Der Kläger hat sich bei lebensnaher Auslegung auch nicht völlig unvernünftig verhalten. Zunächst ist § 7 Abs. 2 SGB VII zu beachten, wonach verbotswidriges Handeln einen Versicherungsfall nicht ausschließt. Es steht nicht im Vollbeweis fest, wie der Kläger in den Pool gekommen ist, als er sich verletzte. Weder ein Kopfsprung noch ein Rammen der Poolaußenwand ist belegt. Der Kläger könnte auch ausgerutscht und ungünstig gefallen sein. Auch dies ist nicht belegt. Nach Überzeugung des Gerichts hat der Kläger jedenfalls nicht die Grenzen einer zuzubilligenden Erfrischung überschritten. Eine gebotene Art, wie man zur Erfrischung in einen Pool gelangt, gibt es nicht (ablehnend für Kopfsprung in fließendes Gewässer: SG Reutlingen, GB vom 17.01.2019, S 4 U 2615/17, juris). Den Versicherungsschutz aufhebende Übertreibungen lagen für das Gericht jedenfalls nicht vor bzw. sind nicht bewiesen (vgl. m. w. N. BSG, Urt. vom 28.02.1962, 2 RU 110/59, juris). Dem Kläger war der Pool von den Abmessungen und Tiefen bekannt. Der Pool war auch überschaubar. Eine Sprunganlage war am Pool des Arbeitgebers jedenfalls nicht vorhanden. Eine über das übliche Maß hinausgehende Einrichtung, die den Versicherungsschutz ausschließen kann, liegt nach Ansicht des Gerichts in einer umlaufenden Terrassenkonstruktion nicht vor (zum Sprung vom Dreimeterbrett vgl. BSG, Urteil vom 13.02.1975, 8 RU 86/74, juris). Das Betriebsübliche und Lebensnahe ist nicht überschritten worden. Die betrieblichen Umstände sind nicht so weit verdrängt worden, dass die eigenwirtschaftlichen Gründe die rechtlich allein wesentliche Ursache gebildet hätten. Diese Verdrängung ist nie anzunehmen, wenn das mögliche gefahrerhöhende Handlungsmotiv noch in der versicherten Tätigkeit liegt (BeckOGK/Ricke, 1.8.2022, SGB VII § 8 Rn. 137). Das gemeinsame Erfrischen und Wiederherstellen der Arbeitskraft war noch nicht abgeschlossen und mithin noch von der Handlungstendenz des Klägers umfasst.
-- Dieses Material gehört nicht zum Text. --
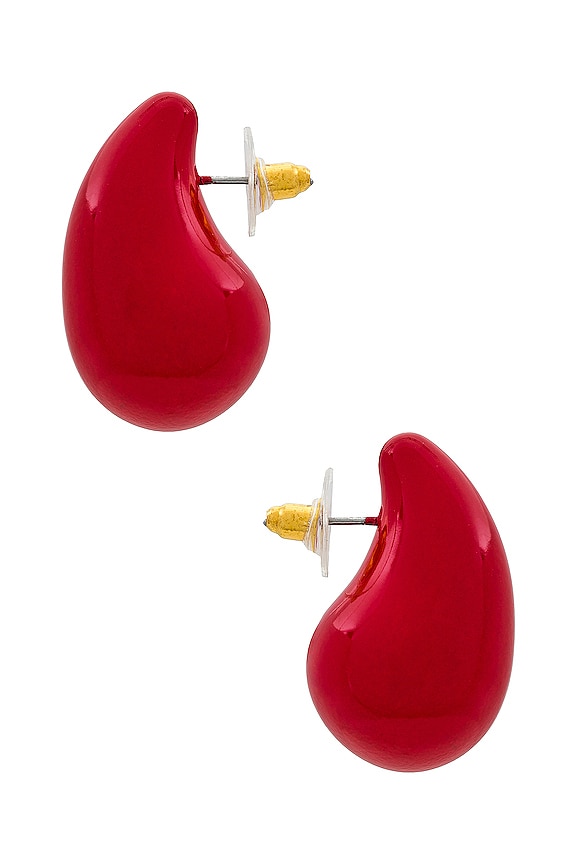 view 2 of 2 Teardrop Earrings in Red
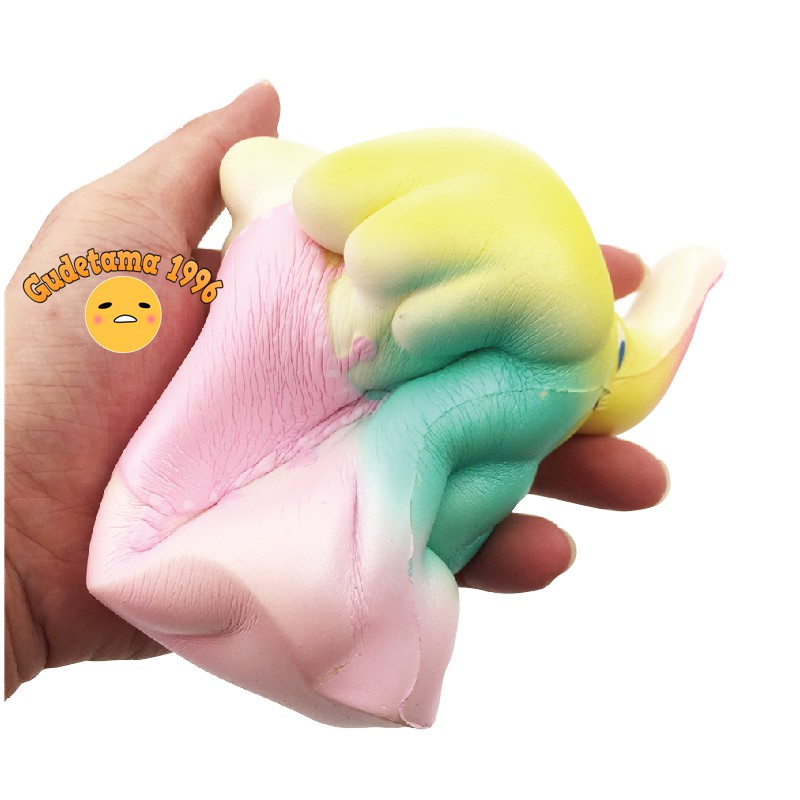 Squishy chính hãng TABURASAA voi bảy màu siêu chậm tăng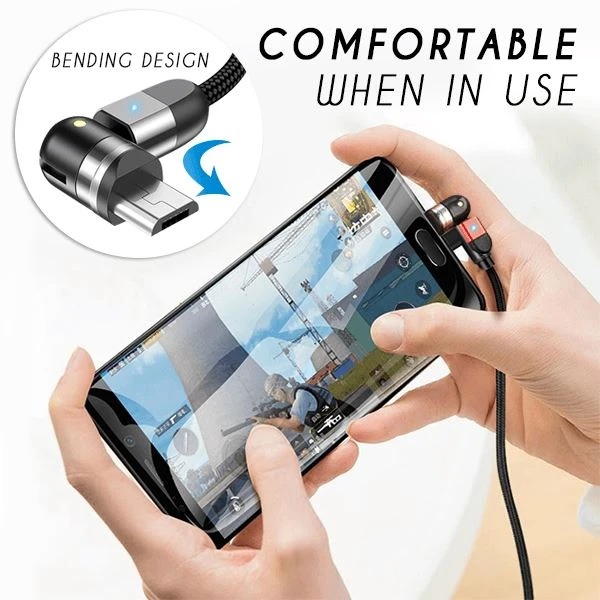 ⛄Early Spring Sale 50% OFF⛄ - 360° Rotatable Magnetic Cable(Buy 3 Get 10% Free&Free Shipping）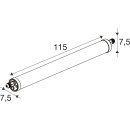 SLV 1011475 TUBULAR P Feuchtraumleuchte 1200 560 840 WH DALI2 OPL PMMA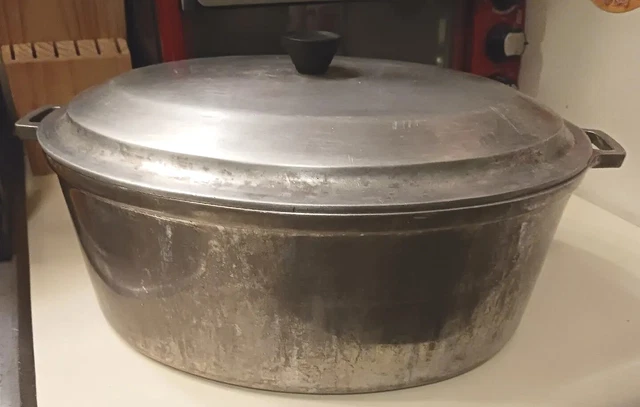 Vintage Miracle Maid G2 Cast Aluminum Roaster Dutch Oven with Lid Pot Cook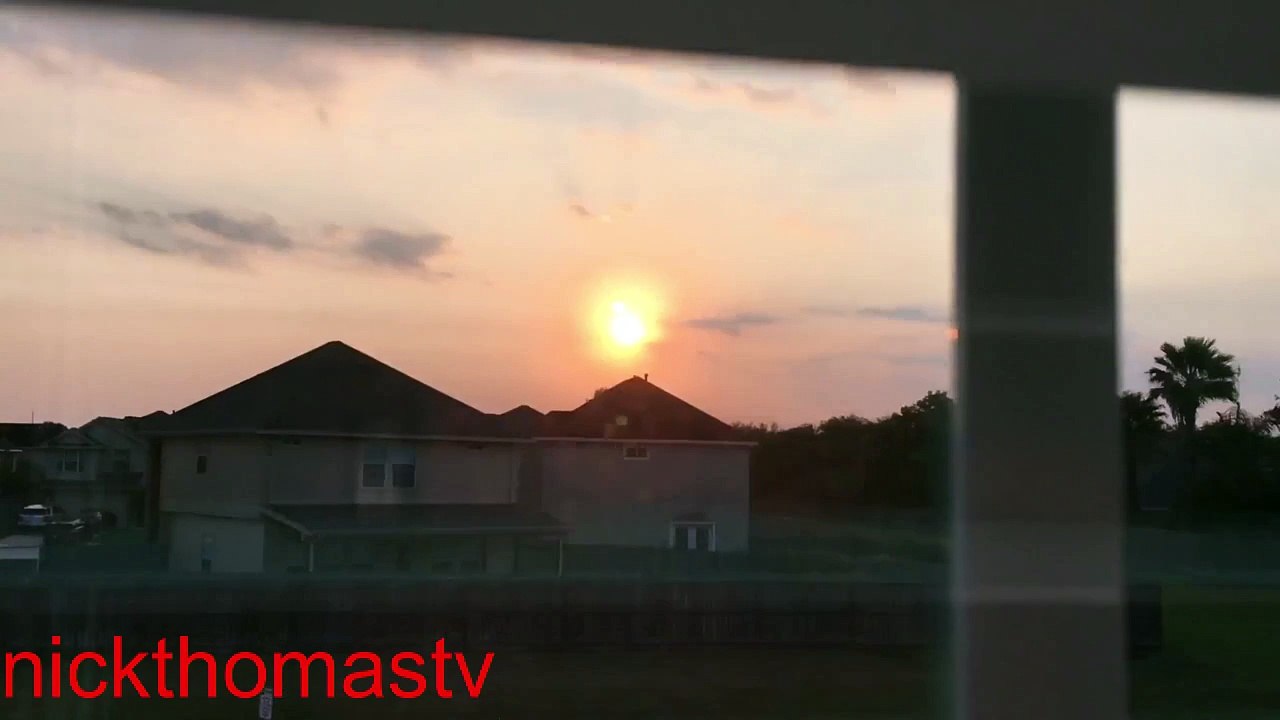 TWO SUNS houston Texas sunset amazing view of the incoming binary Star oct 2018
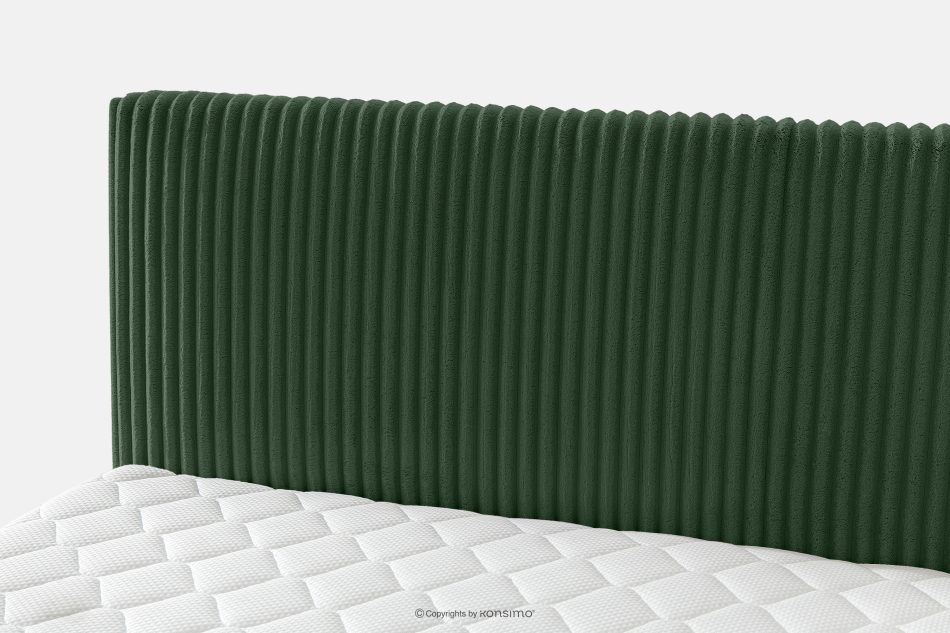 STRIX PRO Boxspringbett mittelhart 160 cm Doppelmatratze + HR-Topper Cordstoff in Dunkelgrün dunkelgrün - Foto 9
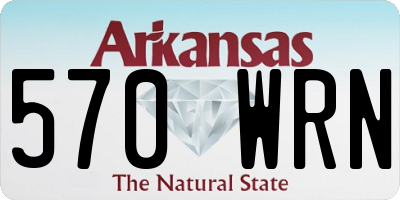 AR license plate 570WRN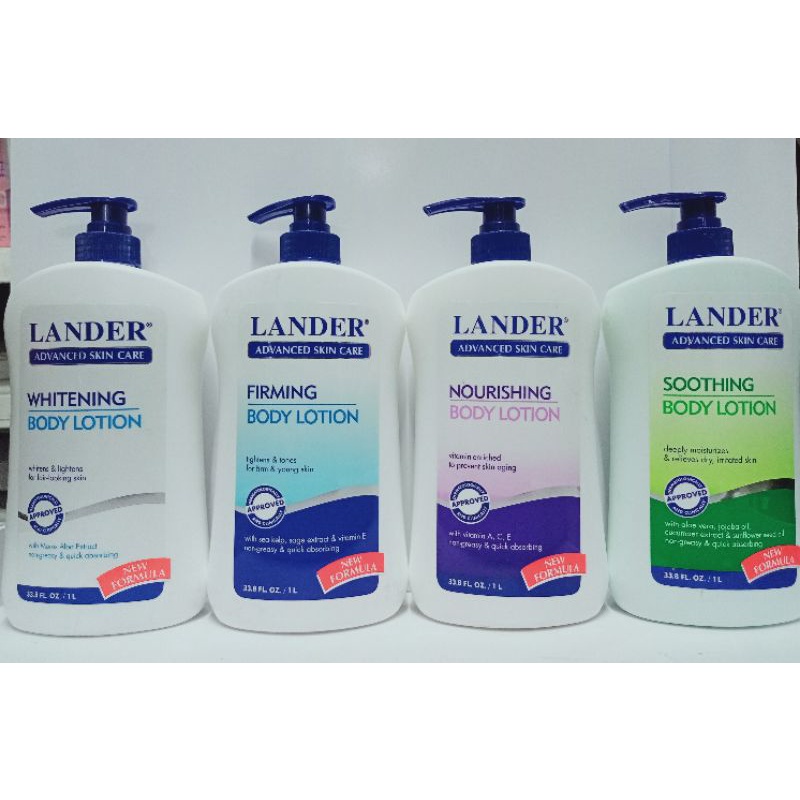 LANDER ADVANCE SKIN CARE BODY LOTION 1L Shopee Philippines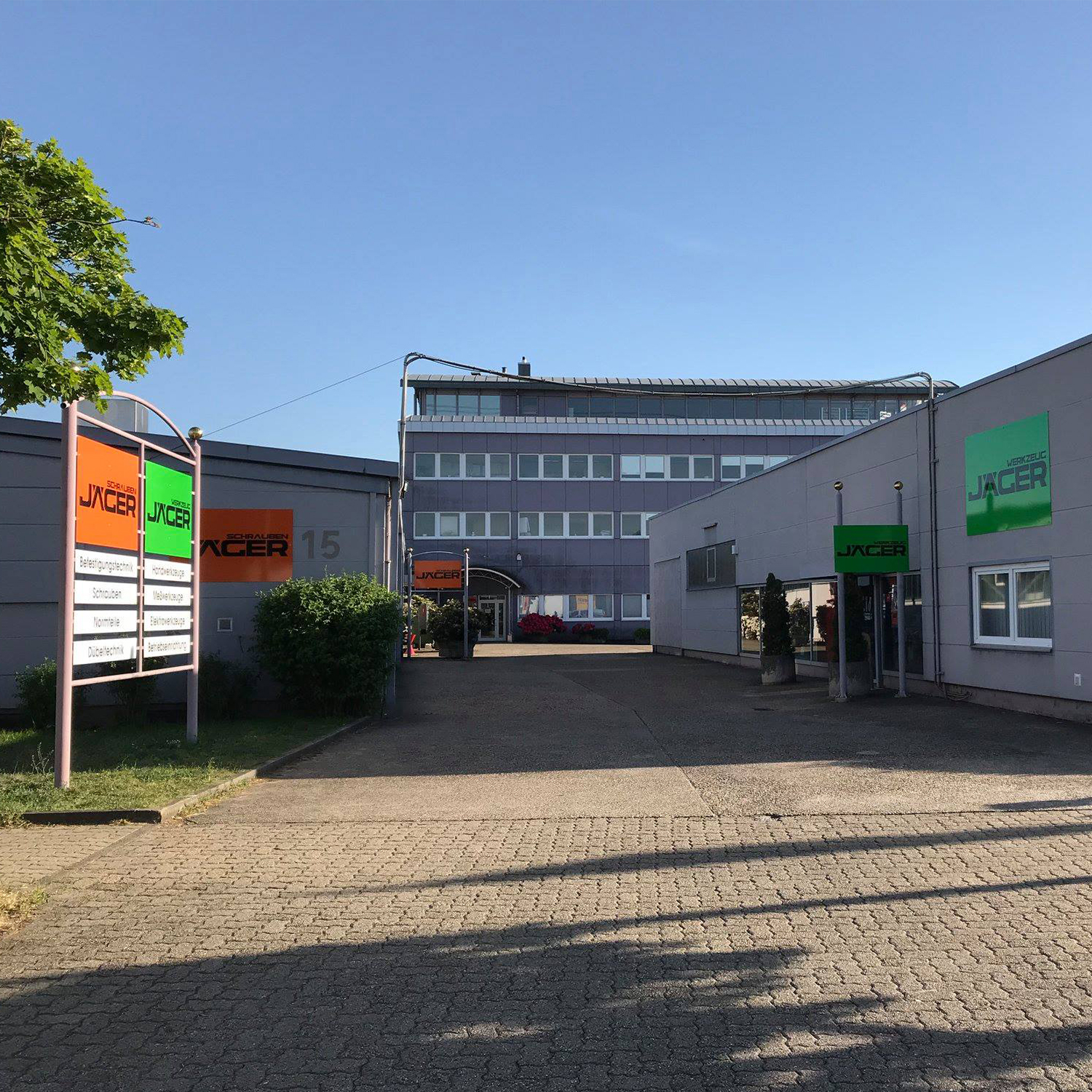 Jäger Werkzeug – Schrauben Schilder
Eine durch den Kläger "selbstgeschaffene Gefahr", bei der das realisierte Risiko primär vom eigenwirtschaftlichen Bereich ausgeht, kann grundsätzlich ebenfalls zum Ausschluss des Versicherungsschutzes führen (Knickrehm/Kreikebohm/Waltermann/Holtstraeter, 7. Aufl. 2021, SGB VII § 7 Rn. 6). Diese kann das Gericht aber nicht erkennen. Der Begriff der "selbstgeschaffenen Gefahr" ist nur mit größter Zurückhaltung anzuwenden. Einen Rechtssatz, wonach der Versicherungsschutz entfällt, wenn der Versicherte sich bewusst einer höheren Gefahr aussetzt und dadurch zu Schaden kommt, gibt es nicht. Auch leichtsinniges unbedachtes Verhalten beseitigt den bestehenden sachlichen Zusammenhang zwischen der versicherten Tätigkeit und der Verrichtung zur Zeit des Unfalls nicht (vgl. BSG Urt. vom 12.04.2005, B 2 U 11/04 R, BeckRS 2005, 42455). Unter Umständen realisiert sich andersrum aber eine besondere Betriebsgefahr durch den vom Arbeitgeber zur Verfügung gestellten Pool zur Erfrischung. Ein Versicherter erleidet danach unabhängig von der zur Zeit des Unfalls ausgeübten Verrichtung und der dabei zugrundeliegenden Handlungstendenz einen Arbeitsunfall, wenn der Unfall durch eine spezifische Gefahr verursacht wurde, die der versicherten Tätigkeit aufgrund ihrer besonderen Beziehung zu dieser Gefahr zuzurechnen ist (m. w. N. BSG, Urteil vom 18.11.2008, B 2 U 31/07 R, juris). Auf die Realisierung einer besonderen Betriebsgefahr kommt es hier allerdings für die Anerkennung eines Versicherungsfalls nicht mehr an, da sich der Versicherungsschutz bereits aus dem Vorliegen aller Merkmale des Arbeitsunfalls (versicherte Tätigkeit, Verrichtung des Versicherten zur Zeit des Unfalls, Unfallereignis, Gesundheitsschaden sowie die jeweiligen Kausalitäten) ergibt.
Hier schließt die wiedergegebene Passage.